• EXERCISE
Leaving the pictures out, transcribe the records below exactly.

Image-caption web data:
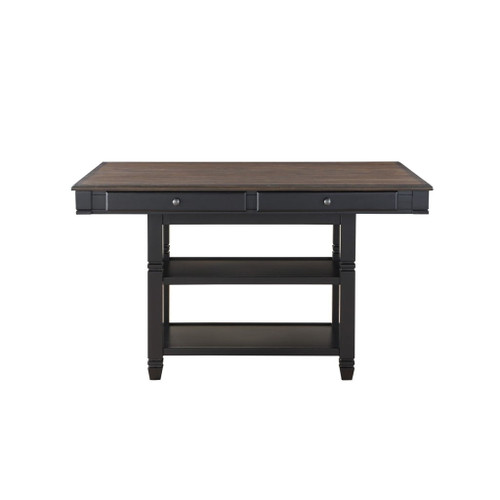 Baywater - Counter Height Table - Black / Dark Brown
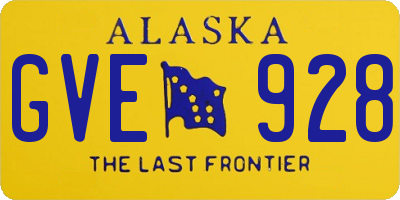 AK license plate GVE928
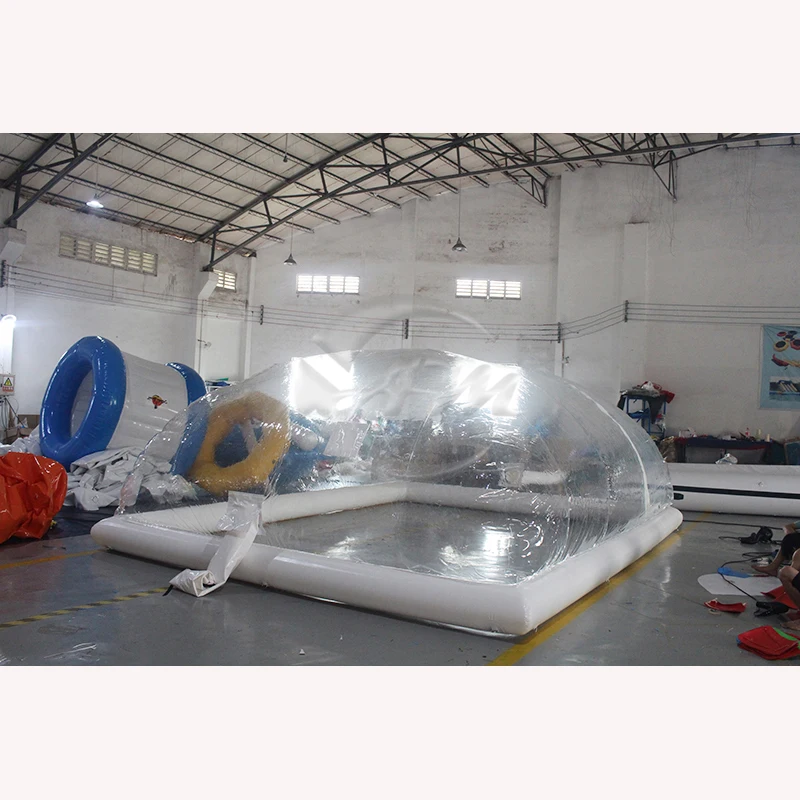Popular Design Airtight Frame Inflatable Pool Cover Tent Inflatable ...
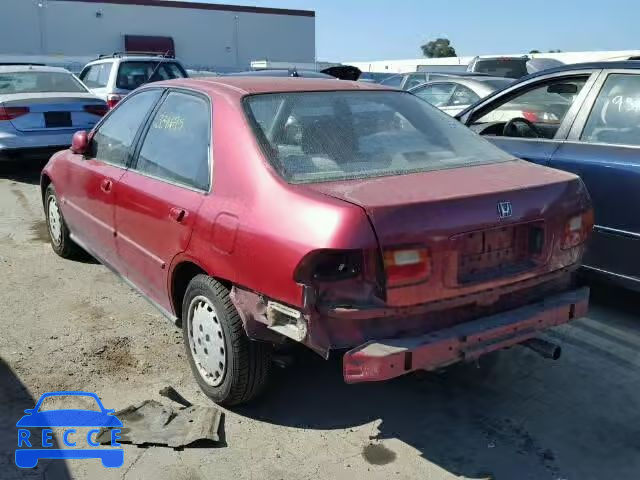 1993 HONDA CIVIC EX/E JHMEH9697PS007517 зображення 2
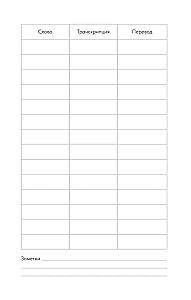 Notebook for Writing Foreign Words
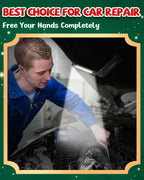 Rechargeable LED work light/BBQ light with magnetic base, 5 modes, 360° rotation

• ANSWER BELOW
 Baywater - Counter Height Table - Black / Dark Brown
 AK license plate GVE928
Popular Design Airtight Frame Inflatable Pool Cover Tent Inflatable ...
 1993 HONDA CIVIC EX/E JHMEH9697PS007517 зображення 2
 Notebook for Writing Foreign Words
 Rechargeable LED work light/BBQ light with magnetic base, 5 modes, 360° rotation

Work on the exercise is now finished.